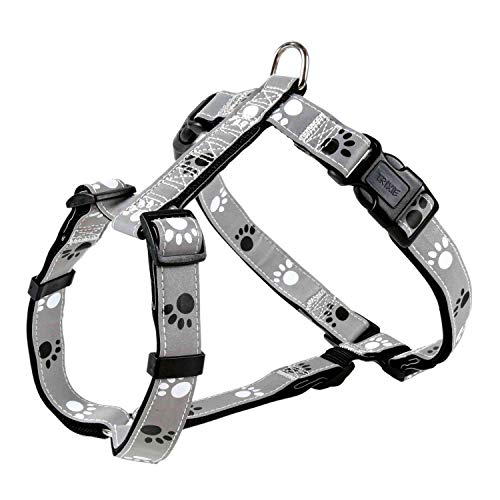 TRIXIE Silver Reflect Geschirr Größe XS–S: Brustumfang 30–40 cm/15 mm in schwarz/silbergrau - reflektierendes Hundegeschirr mit stufenlos verstellbaren Elementen für kleine Hunde, 12231 von TRIXIE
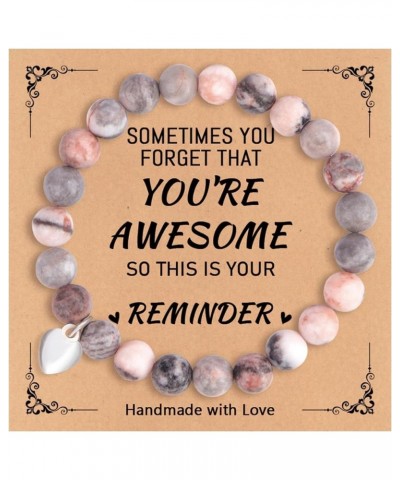 Sometimes You Forget You're Awesome Unique Gifts Best Friend Birthday Gifts Natural Stone Bracelets for Women Trendy C $10.02...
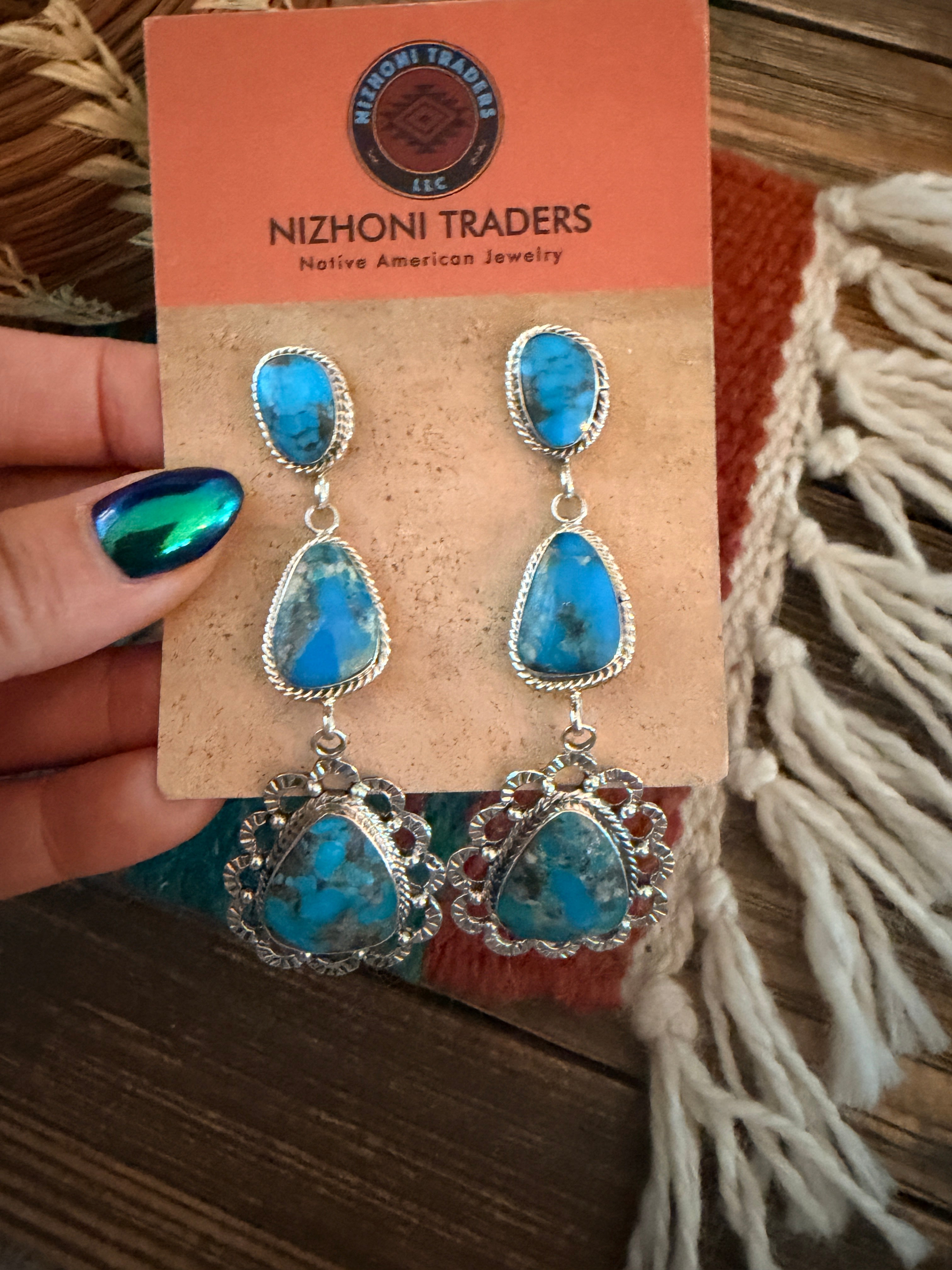Handcrafted Turquoise & Sterling Silver Dangle Earrings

• INSTRUCTIONS TO FOLLOW: Copy every line above word for word and exclude the pictures.

• WRITTEN SOLUTION:
 TRIXIE Silver Reflect Geschirr Größe XS–S: Brustumfang 30–40 cm/15 mm in schwarz/silbergrau - reflektierendes Hundegeschirr mit stufenlos verstellbaren Elementen für kleine Hunde, 12231 von TRIXIE
 Sometimes You Forget You're Awesome Unique Gifts Best Friend Birthday Gifts Natural Stone Bracelets for Women Trendy C $10.02...
Handcrafted Turquoise & Sterling Silver Dangle Earrings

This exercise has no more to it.